Ormai è passata qualche settimana e se ne è parlato anche molto, ma Milena Canonero, che si è aggiudicata l’Oscar con i costumi di Grand Budapest Hotel, meriterebbe di essere conosciuta più a fondo per la sua straordinaria capacità di vestire i personaggi del cinema, facendo di loro delle icone di stile senza tempo.

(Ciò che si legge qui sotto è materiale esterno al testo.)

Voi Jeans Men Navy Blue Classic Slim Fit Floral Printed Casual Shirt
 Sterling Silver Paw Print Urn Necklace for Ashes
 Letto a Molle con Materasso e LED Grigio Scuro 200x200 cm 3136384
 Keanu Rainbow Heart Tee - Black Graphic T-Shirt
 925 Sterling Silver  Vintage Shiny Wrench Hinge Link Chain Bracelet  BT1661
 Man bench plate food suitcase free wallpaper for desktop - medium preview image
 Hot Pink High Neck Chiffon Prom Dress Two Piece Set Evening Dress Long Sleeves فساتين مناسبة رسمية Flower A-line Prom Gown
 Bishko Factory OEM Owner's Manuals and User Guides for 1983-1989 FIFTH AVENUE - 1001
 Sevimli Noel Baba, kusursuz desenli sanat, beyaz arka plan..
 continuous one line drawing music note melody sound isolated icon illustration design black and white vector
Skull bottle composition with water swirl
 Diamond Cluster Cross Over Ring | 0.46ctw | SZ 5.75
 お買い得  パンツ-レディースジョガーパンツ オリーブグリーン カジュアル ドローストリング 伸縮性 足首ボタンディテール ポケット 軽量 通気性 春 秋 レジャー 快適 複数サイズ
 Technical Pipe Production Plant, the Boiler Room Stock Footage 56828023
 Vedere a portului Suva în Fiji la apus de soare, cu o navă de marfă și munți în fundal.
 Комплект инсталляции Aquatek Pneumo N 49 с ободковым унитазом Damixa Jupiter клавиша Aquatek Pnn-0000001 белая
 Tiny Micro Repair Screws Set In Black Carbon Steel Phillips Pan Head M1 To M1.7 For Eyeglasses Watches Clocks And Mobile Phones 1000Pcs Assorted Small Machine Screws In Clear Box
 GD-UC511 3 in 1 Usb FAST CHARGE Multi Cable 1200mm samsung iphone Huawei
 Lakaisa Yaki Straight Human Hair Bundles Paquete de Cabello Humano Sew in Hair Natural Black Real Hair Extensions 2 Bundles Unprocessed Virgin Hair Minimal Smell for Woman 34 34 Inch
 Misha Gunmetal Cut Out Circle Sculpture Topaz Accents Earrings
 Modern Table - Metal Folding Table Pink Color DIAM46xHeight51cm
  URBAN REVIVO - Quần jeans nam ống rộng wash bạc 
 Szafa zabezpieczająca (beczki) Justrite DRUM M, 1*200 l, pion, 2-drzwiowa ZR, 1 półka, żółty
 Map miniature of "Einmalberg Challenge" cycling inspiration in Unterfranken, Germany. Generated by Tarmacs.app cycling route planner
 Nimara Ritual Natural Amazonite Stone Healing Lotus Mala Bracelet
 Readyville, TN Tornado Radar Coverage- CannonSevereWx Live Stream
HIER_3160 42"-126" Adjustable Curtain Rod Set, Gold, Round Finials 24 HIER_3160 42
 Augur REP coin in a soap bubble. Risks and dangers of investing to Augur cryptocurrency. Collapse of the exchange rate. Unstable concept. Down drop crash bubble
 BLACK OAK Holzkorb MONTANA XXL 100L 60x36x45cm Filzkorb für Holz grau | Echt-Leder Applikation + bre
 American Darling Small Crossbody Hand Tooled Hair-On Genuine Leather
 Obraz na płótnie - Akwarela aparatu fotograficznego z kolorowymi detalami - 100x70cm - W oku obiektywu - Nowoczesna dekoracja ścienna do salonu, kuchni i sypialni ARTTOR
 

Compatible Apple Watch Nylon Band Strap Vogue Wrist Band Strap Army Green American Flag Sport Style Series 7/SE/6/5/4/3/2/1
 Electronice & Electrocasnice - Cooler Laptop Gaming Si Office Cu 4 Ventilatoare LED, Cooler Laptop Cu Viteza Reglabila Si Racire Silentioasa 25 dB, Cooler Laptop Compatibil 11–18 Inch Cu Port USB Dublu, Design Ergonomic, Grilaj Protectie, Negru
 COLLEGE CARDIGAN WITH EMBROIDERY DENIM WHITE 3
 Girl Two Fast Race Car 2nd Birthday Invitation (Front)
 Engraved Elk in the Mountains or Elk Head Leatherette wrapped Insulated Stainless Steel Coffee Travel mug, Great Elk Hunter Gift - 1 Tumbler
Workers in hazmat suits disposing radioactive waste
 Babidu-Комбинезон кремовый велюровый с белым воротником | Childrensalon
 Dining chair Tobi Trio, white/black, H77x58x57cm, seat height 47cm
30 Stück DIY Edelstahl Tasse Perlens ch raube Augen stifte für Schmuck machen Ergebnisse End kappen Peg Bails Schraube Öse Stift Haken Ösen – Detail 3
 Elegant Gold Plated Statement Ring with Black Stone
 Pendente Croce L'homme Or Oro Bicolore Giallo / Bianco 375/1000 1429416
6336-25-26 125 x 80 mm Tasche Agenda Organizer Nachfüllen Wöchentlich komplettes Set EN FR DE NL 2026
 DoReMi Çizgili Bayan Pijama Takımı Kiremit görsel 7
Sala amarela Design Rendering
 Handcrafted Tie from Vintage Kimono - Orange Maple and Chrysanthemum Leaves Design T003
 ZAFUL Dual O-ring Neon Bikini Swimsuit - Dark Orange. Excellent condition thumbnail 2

La costumista, nata a Torino nel ’52, ha saputo più di chiunque altro esportare a Hollywood il sapere sartoriale italiano rendendo celebre lo stile iperrealista e facendo dell’abito un elemento portante della scena. Con Kubrick, in Inghilterra, impara fin da giovanissima a dedicare la sua attenzione al dettaglio, a studiare con precisione ogni bottone, ogni cucitura, ogni stoffa. Impara lo spirito della perfezione e questo impegno ossessivo la ripaga presto. Il suo primo film come costumista è Arancia Meccanica (1971), dove mescola sapientemente l’ultramoderno con lo stile revival neobarocco inglese (detto edoardiano) e ottiene un risultato pop di grande impatto visivo. Poi con Kubrick si aggiudica l’Oscar per il film in costume Barry Lyndon (1975), dove – come faceva Piero Tosi con Visconti – si serve direttamente di abiti originali settecenteschi e li adatta alle necessità della macchina da presa. Una seconda statuetta se la aggiudica con Momenti di Gloria di Hudson nel 1981 e in quegli anni anche Coppola si lascia ammaliare dallo stile degli abiti della Canonero per Cotton Club (1984) dove ricostruisce l’abbigliamento tipico degli anni Venti degli abitanti di Harlem, per Tucker ? Un uomo e il suo sogno (1988) e per Il Padrino – Parte III (1990).
Con La mia Africa (1985) di Pollack elabora lo stile dei coloni europei in Kenya e contribuisce a costruire un mito nel personaggio interpretato da un’indimenticabile Meryl Streep. Sempre negli anni ’80 firma i costumi della serie televisiva più fashion della storia della televisione, Miami Vice, dove i colori pastello indossati dai due protagonisti influenzeranno l’intero universo della moda (nello stesso periodo la Canonero disegna anche una collezione di abiti maschili destinati al mercato e si aggiudica il premio Coty). Nel ’90 realizza il tripudio di colori nel film Dick Tracy di Warren Beatty e continua a lavorare infaticabile con registi come Stuart Cooper, Alan Parker, Norman Jewison, Louis Malle, Charles Shyer e Tony Scott.
Nel 2006 con Marie Antoinette della Coppola arriva la sua terza statuetta. Il film è la quintessenza dell’arte del vestire e la Canonero mescola, come mai era successo prima, lo sfarzo di Luigi XIV con gli elementi simbolo della cultura pop contemporanea (indimenticabili le Converse nascoste fra decine di scarpe d’epoca nel guardaroba di Maria Antonietta). Poi arriva Wes Anderson, e l’unione fra i due artisti è la perfezione. Con Le avventure acquatiche di Steve Zissou la Canonero manda in crisi i fan del regista che cercano dentro e fuori dal web di trovare il modo di entrare in possesso della divisa di Steve Zissou e del suo gruppo (le Adidas Zissou sono diventate un oggetto di culto). Oggetti (le valigie Louis Vuitton) e abiti (perlopiù magnifici completi Armani) in Il treno per il Darjeeling si adattano ed enfatizzano il perfezionismo maniacale del regista e infine l’apice del sodalizio Canonero-Anderson è raggiunto con l’ultimo lavoro, Grand Budapest Hotel, dove la costumista si ispira Gustav Klimt e alla figura di Peggy Guggenheim per vestire la vecchia miliardaria motore del racconto. Con e grazie al sodalizio con Wes Anderson, Milena Canonero può forse definirsi la più grande star del costume cinematografico di tutti i tempi.